What I learned from teaching those subjects was that the goal isn’t just to transfer knowledge. It’s to unlock curiosity. Applied Behavior Analysis calls this a behavioral cusp: a skill that, once mastered, opens the door to an entirely new range of learning opportunities. One of the most powerful cusps any student can develop is the ability to read. Reading allows us to explore what exists beyond our reach, to measure not just physical distances but emotional and intellectual ones too—our dreams, our fears, and our understanding of others.


That’s where the humanities come in. Poems, epics, and reflections from countless eras each offer a new lens on what it means to be human. From the rhythm of Shakespeare’s iambic pentameter to the introspection of Invisible Man, where Ralph Ellison wrestled with identity in a post–World War II America still reckoning with race, literature helps us grasp the emotional and social forces that shape our world. Through history, we see how those same forces sparked new movements and new consciousness—especially in the mid-twentieth century, when questions of race, justice, and identity led to some of the most transformative decades in modern history.

Of course, this journey through learning doesn’t stop there. Humanity’s pursuit of self-actualization has taken countless forms, from revolutions in China and Vietnam to the more recent Arab Spring movements. Each reflects the same underlying drive: to understand, to grow, and to apply knowledge in ways that shape the future.
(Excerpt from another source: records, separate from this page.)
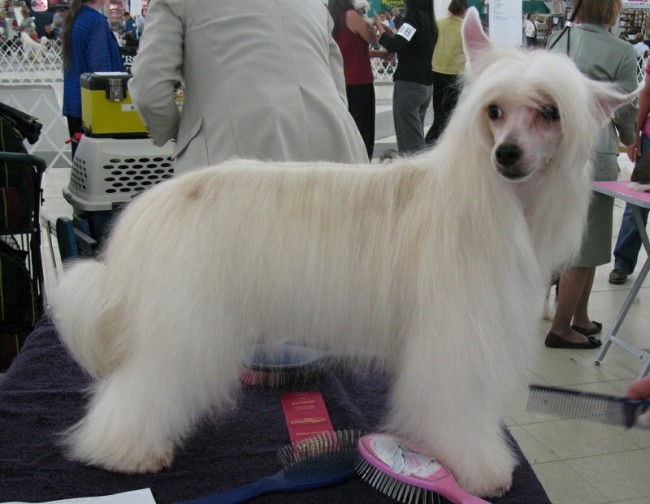 китайская хохлатая пуховая собака фото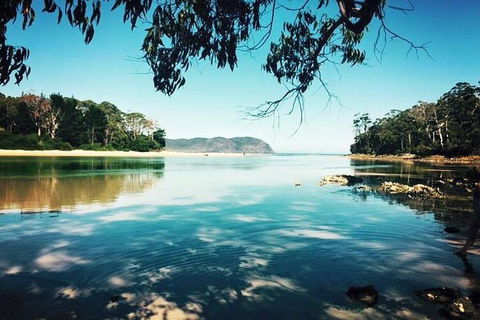 Full-Day Guided Bruny Island Tour From Hobart - Pubs Perth 1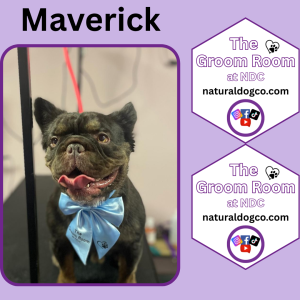 Groom Pic Maverick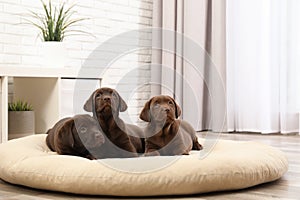 Chocolate Labrador Retriever puppies on pet pillow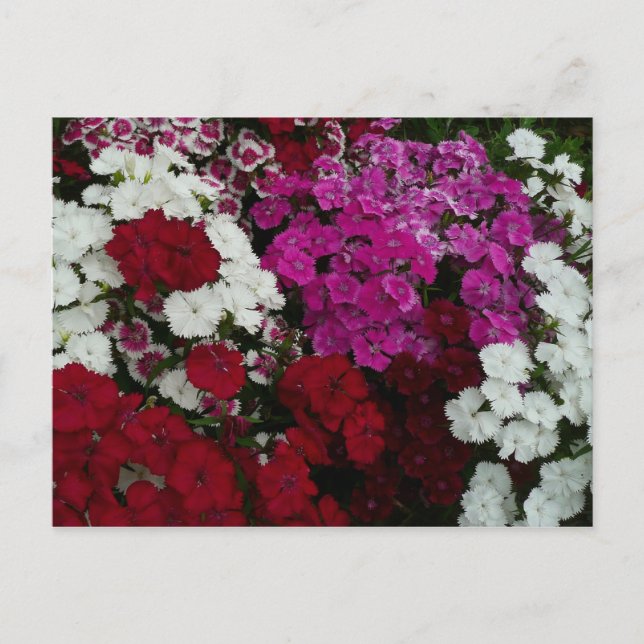 Postal Floral blanca, rosa y roja de Dianthus (Anverso)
At Mr. L’s Tutoring and Enrichment, that same belief guides everything we do. The question, “Why do I have to learn this?” isn’t something we avoid—it’s something we embrace. We see it as the starting point of curiosity. Our goal is to help students connect what they’re learning to the bigger picture, linking academics to confidence, problem-solving, and real-world understanding. Whether we’re working through math, science, reading, or the humanities, we aim to help students see that learning isn’t just about passing a test. It’s about preparing to navigate and influence the world around them. Education is not just preparation for life; it is life unfolding in real time.